There is a rule for monks to not damage fertile seeds. This makes the monk both respect life and dependent on laypeople for their food. This also makes the layperson think about their actions.
I couldn't help but think that such rules actually harm the Sangha by preventing them from operating in present-day capitalistic societies
Present-day environmentally destructive capitalistic societies both tamper with nature's seed stock & diversity and even hold commercial control over seeds & also GMO seeds. The Vinaya rules offer an example of the importance of protecting seeds & seed stocks.
Other parts of the vinaya were surprisingly in-tune with modern sensibilities of social justice and "Twitter feminism", such as the rule forbidding monks from teaching nuns without being first asked.
Women are guests or visitors to the monastic community because, instead of starting their own monastic order, they asked to join the men. Refer to AN 8.51. The men did the hard yards of establishing Buddhism and gain gifts of property for monasteries then the women asked to join. While only senior monks can administer the nuns, it appears the nuns are expected to receive teachings of monks each fortnight.
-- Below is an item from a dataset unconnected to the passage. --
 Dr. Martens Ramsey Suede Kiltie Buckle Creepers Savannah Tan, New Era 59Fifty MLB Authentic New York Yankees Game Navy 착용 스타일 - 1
The scriptures say: "Each fortnight the nuns should expect two things from the community of monks: the date of the sabbath and visiting for advice."
It is also ironic radical feminist Western nuns claiming equality & independence also complain when they can't receive teachings from monks. In short, the Buddhist teachings were created by men. All Buddhist teachings are male teachings because the Buddha was a man. The scriptures (MN 115) clearly say an original Buddha cannot be a woman.
It is a right view in Buddhism to acknowledge there is mother & father in life. Any woman that cannot acknowledge & have gratitude towards good selfless deeds performed by men cannot be a Buddhist because they will have wrong view.
Is it permissible for a Buddhist lay follower, one who has taken
refuge and has chosen to follow the Eightfold Path
without picking and choosing, to discuss certain aspects of the vinaya in a skeptical light, as I have just done?
The Noble Eightfold Path includes "celibacy" in its 5th factor, called "abrahmacariyā". To quote:
And what is right action?
Katamo ca, bhikkhave, sammākammanto?
Avoiding killing living creatures, stealing, and sexual activity.
Yā kho, bhikkhave, pāṇātipātā veramaṇī, adinnādānā veramaṇī, abrahmacariyā veramaṇī—
This is called right action.
ayaṃ vuccati, bhikkhave, sammākammanto.
Therefore, only relatively few laypeople follow the Noble Eightfold Path. As for the Vinaya, it is not for laypeople. However, Buddhist laypeople should at least follow the Five Precepts but are not expected to follow the Noble Eigthfold Path.
The Vinaya is for monks & nuns. It is only necessary for a layperson to know Vinaya if they must regularly interact with a monk or a nun. This said, if this where the case, the monk or nun would instruct the layperson about the relevant Vinaya rules a monk or nun must uphold.
For example, if a layperson irregularly offers a monk or nun fruit with seeds, while I personally don't know the exact rules, I imagine the monk or nun will either refuse the offering or, otherwise, accept the fruit but not eat it (depending on the circumstances).
Or to describe certain texts as mythological or historical disciples
The Vinaya is designed for purity. This topic has not yet identified anything "impure" about the Vinaya.
I have not taken refuge in the Three Jewels and will not unless I can
do so in total sincerity and a pure conscience.
Buddhism is not suitable for everyone. The Buddha said he only intended to teach those with little dust in the eyes. The Buddha often called his teaching 'Dhamma-Vinaya'. The Three Jewels include Vinaya, which promotes harmlessness & renunciation for monks & nuns and, most importantly, ensures appropriate protective boundaries between monastics & laypeople.
For example, contrary to Christianity, the Vinaya ensures there can be no protection of pedophiles and other sexual abusers within the Sangha. Unlike Christianity, which often believes in must exercise Christ's Forgiveness towards a sexually active priest, the Vinaya offers no such option. A monk or nun engaging in any external sexual act is immediately defeated &, when discovered, expelled from the Sangha.
The life of a monk is to dwell without fear. Monks don't check their alms food for poison, for example.